Their choice of policy might affect their firm’s stock price - A high dividend payout gives stock holders more current income ( on which individual stock holders pay income tax)
- A high retention ratio should provide for future earnings and dividend growth, which ought to improve the current stock price and so give the stock holder a capital gain ( which will be subjected to capital gains tax upon sale of stocks)
Theories on Dividend Policy Irrelevancy proportion theory: Value of the firms stocks depends on the availability of projects with positive net present value and the pattern of dividend payment makes no difference to firm’s stock prices. Assumptions: No bankruptcy cost No taxes No transaction costs All investors have access to free information Dividend as residual value Dividend is distributed to stockholders only after cash has been utilised on the best projects with positive NPV due to cost of finance. The firm’s primary objective is regarded as maximizing shareholders funds and all cash in the firms after funding projects should be returned o the owners i.e. stockholders. Other policies Birds in hand Stock holders requirement for current consumption Tax preference theory. Stock repurchases A transaction, in which the firm buys back share of its own stocks, thereby decreases its stockholding. Methods of stock purchase Tender – A formal offer to all stockholders wishing to place the stocks for sale to the company. The firm in an open market as any investor acquires optional market – Stocks and the firm will incur blockarage costs. Advantages of repurchase scheme - Viewed as a positive signal by the investors.

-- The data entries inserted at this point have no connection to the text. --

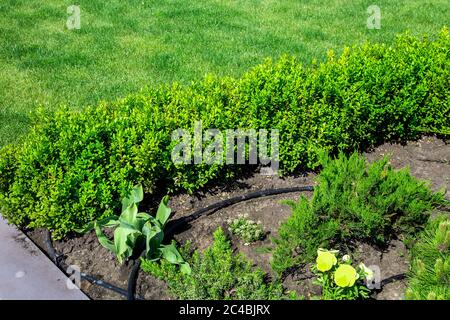 parterre à fleurs avec une plante verte qui pousse dans le sol avec irrigation goutte à goutte, des plantations de gros plan avec des buissons de buis de buis sur une pelouse verte. Banque D'Images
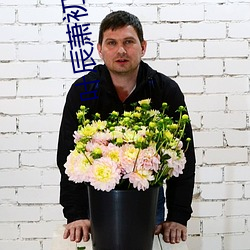 叶(葉)辰(辰)萧初(初)然小(小)说(說)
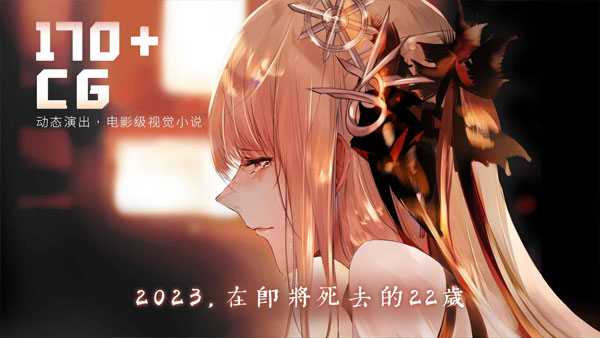 孟德大小姐与自爆少年手游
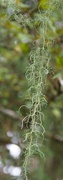 26th Jan 2017 - Hanging lichen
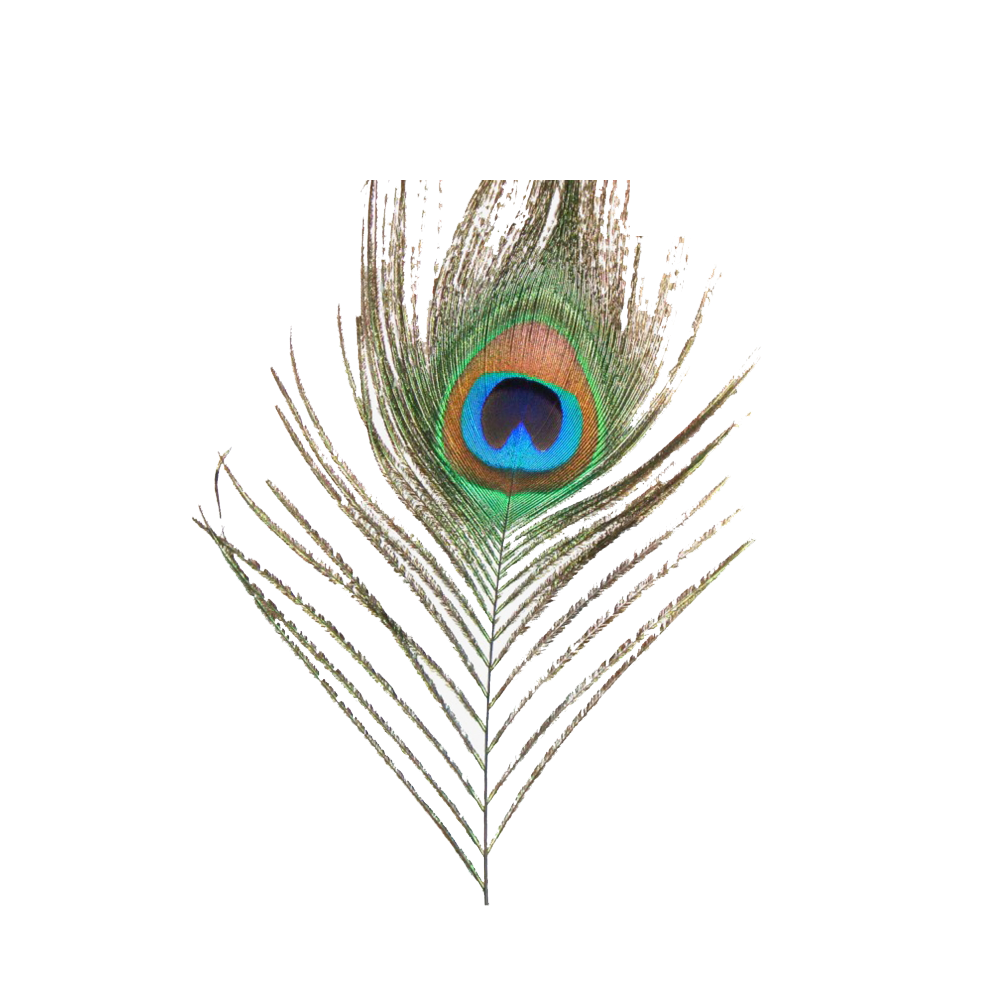 Peacock Feather Transparent Image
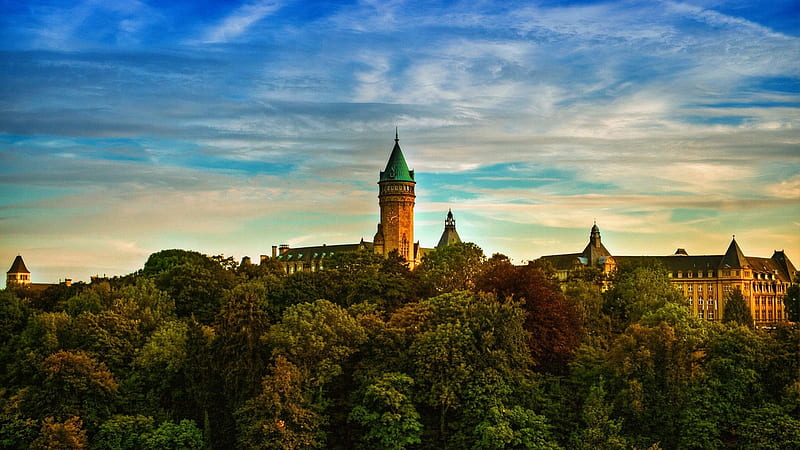 castle within a forest r, forest, tower, r, clouds, castle, hill, HD wallpaper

- There is choice to the stockholders to sell or not sell stocks.
- Repurchase can remove large block of stocks overhanging in the market
- Used as a means of utilizing surplus cash flow.
- Can assist in setting the dividend payment policy.
- Reduce large-scale changes in capital structure.
Disadvantages - Stock holders indifference as to hold or sell stocks
- Holders may not be presented with enough information on the present and future prospects of the firm.
- Prices may be too high.
Managerial considerations in determining a dividend pay out ratio - Need for funds- Current financial commitments the firm has apart from dividend payment.
- Liquidity – how comfortable with the present cash balance the firm has to pay the proposed dividend.
- Ability to borrow – If the firm has lesser sources of finance the dividend will be the optimal source of finance.
- Assessment of the industrial trend in dividend payout ratios.
- Nature of stockholders – In a closely held firm management may be able to know the preference of its stock holders thereby able to design a policy that will suit the needs of stockholders.
- Indenture in bond – Restrictions to make further borrowings by bond indenture will force the company to rely on retained profit as the only means for funding thereby resulting in low dividend payout ratio.